DIRECTIONS FOR THIS TASK -
First find the line with "CPA Lyon Parc" in the entries below, then set down exactly every line through the line with "Opere d'arte, Pittura", that line included.

□ □ □ □ □

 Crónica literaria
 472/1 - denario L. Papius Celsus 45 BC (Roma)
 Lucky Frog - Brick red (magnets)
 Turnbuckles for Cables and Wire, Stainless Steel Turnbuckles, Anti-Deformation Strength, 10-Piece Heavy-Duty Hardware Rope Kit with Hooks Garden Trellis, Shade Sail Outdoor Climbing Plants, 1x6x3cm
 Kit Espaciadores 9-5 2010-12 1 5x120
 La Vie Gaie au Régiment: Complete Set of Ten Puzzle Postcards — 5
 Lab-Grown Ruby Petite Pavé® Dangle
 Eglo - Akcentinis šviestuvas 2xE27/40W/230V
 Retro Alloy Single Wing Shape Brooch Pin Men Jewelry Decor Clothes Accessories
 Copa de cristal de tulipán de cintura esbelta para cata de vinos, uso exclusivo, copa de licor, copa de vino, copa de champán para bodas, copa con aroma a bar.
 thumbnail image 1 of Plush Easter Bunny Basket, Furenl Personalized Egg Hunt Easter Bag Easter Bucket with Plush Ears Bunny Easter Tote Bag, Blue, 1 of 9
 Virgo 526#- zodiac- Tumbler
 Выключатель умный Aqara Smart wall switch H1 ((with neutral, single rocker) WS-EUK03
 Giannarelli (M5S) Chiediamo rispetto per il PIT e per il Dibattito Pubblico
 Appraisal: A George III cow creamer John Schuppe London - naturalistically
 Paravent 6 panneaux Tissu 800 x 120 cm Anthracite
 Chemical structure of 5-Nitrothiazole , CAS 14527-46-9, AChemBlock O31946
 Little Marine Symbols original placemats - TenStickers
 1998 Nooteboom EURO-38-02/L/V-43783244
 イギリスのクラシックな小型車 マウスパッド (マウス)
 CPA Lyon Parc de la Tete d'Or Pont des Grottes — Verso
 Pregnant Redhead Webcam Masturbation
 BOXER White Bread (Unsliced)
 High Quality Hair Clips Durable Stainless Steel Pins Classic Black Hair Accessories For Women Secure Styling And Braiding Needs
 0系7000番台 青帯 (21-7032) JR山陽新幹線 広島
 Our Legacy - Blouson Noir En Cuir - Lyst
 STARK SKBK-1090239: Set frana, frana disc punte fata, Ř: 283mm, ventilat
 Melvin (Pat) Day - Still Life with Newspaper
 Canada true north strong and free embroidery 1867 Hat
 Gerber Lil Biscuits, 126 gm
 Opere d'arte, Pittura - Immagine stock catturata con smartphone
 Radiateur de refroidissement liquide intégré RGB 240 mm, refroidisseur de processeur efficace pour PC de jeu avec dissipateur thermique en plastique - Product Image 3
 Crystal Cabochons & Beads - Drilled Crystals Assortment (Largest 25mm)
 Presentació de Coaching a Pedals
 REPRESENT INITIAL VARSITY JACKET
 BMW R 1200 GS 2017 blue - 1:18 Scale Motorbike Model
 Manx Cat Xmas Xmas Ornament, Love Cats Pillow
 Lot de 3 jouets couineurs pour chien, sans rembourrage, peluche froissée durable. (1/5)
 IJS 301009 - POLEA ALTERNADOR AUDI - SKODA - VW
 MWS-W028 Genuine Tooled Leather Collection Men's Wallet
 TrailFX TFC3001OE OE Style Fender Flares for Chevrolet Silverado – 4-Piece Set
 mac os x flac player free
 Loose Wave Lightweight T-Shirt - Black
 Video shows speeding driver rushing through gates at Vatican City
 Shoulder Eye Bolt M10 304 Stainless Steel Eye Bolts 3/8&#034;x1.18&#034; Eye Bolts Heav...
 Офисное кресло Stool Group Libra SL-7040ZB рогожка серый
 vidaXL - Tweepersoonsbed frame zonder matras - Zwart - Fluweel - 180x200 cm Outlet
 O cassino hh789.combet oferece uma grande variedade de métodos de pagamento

□ □ □ □ □

RESPONSE AREA -
 CPA Lyon Parc de la Tete d'Or Pont des Grottes — Verso
 Pregnant Redhead Webcam Masturbation
 BOXER White Bread (Unsliced)
 High Quality Hair Clips Durable Stainless Steel Pins Classic Black Hair Accessories For Women Secure Styling And Braiding Needs
 0系7000番台 青帯 (21-7032) JR山陽新幹線 広島
 Our Legacy - Blouson Noir En Cuir - Lyst
 STARK SKBK-1090239: Set frana, frana disc punte fata, Ř: 283mm, ventilat
 Melvin (Pat) Day - Still Life with Newspaper
 Canada true north strong and free embroidery 1867 Hat
 Gerber Lil Biscuits, 126 gm
 Opere d'arte, Pittura - Immagine stock catturata con smartphone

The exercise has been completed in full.